Em maio, quando a tensão ainda estava alta, a Folha apurou que o ministro de Minas e Energia, Alexandre Silveira, chegou a dizer à empresa que, se não fizesse investimentos na qualidade do serviço de distribuição de energia, “pode dar tchau” ao país.
No mês passado, o posicionamento já havia mudado. Silveira participou de um evento na base operacional da Enel em Guarapiranga, zona sul de São Paulo, em que ocorreu a apresentação dos investimentos da companhia no Brasil. Na ocasião, disse era “uma grande alegria poder ver in loco as ações adotadas para prevenir acontecimentos graves gerados pelas às mudanças climáticas”.
Nesta sexta, horas antes do novo temporal deixar mais de 2 milhões sem luz em São Paulo, Silveira estava em Roma. Mesmo de férias, participava de um evento do Grupo Esfera ao lado de Alberto de Paoli, o diretor para o resto do mundo da Enel.
O próprio presidente Luiz Inácio Lula da Silva (PT) passou sinalizar apoio à permanência da concessão com a empresa. Em junho, durante viagem à Europa para participar do encontro do G7, o presidente se reuniu com o CEO mundial da Enel, Flavio Cattaneo, para discutir investimentos da concessionária no Brasil. A empresa disse na época ter reafirmado a promessa de fazer um investimento de US$ 3,7 bilhões (quase R$ 20 bilhões) na operação brasileira.
Na sequência, Lula afirmou a jornalistas que, com o compromisso de investimento pela companhia italiana, o governo estaria disposto a renovar o contrato de concessão de energia.Neste sábado, a Aneel adotou postura mais dura. Em nota à imprensa no início da tarde afirmou que iria intimar a Enel a “apresentar justificativas e proposta de adequação imediata do serviço diante das ocorrências registradas ontem e hoje, de falha na prestação do serviço de distribuição”.
Como parte do processo de intimação, disse ainda que a proposta da empresa será avaliada pela diretoria colegiada da Aneel e, caso a Enel não apresente solução satisfatória e imediata da prestação do serviço, a agência poderá retirar os direitos de concessão.
Cera de duas horas depois, o MME soltou nota afirmando que Aneel falhou ao não encaminhar a caducidade do contrato da Enel.

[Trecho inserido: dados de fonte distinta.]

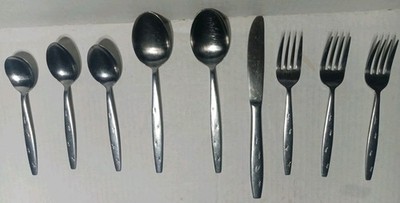 Vintage MCM Heavenly Star Atomic Starburst Flatware Lot Of 9 Stainless Japan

Também informou que o ministro interrompeu suas férias para acompanhar o problema de perto e determinou a criação de uma sala de situação. O MME afirmou no texto que não há qualquer indicativo de renovação da concessão da distribuidora em São Paulo.

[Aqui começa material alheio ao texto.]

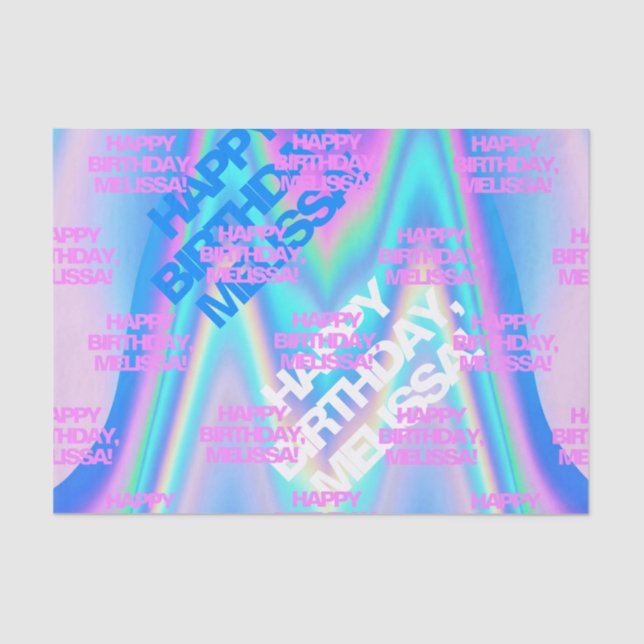 Custom Text Holographic Iridescent Y2K Modern Tissue Paper (Front)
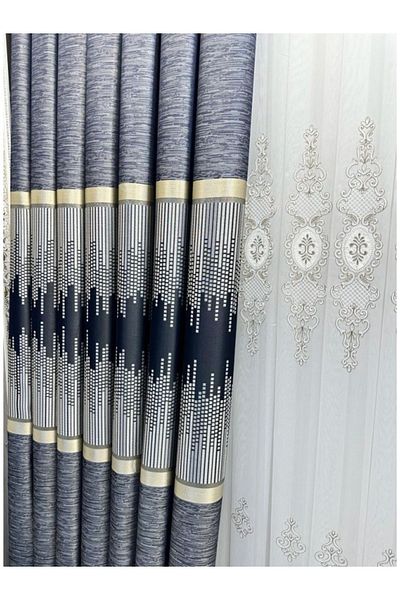 NİVEMESHOME Nivemeshome Amasra V-502 Blue 1/3 Close Pleated Curtain Apm - Background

Procurada pela reportagem para comentar, a Enel enviou nota informando que “reitera seu compromisso com a população em todas as áreas em que atua e seguirá investindo para entregar uma energia de qualidade para todos”. Também destacou que técnicos da companhia seguem trabalhando para reconstruir trechos da rede elétrica danificados e restabelecer o serviço para cerca de 1,45 milhão de clientes que seguiam sem luz.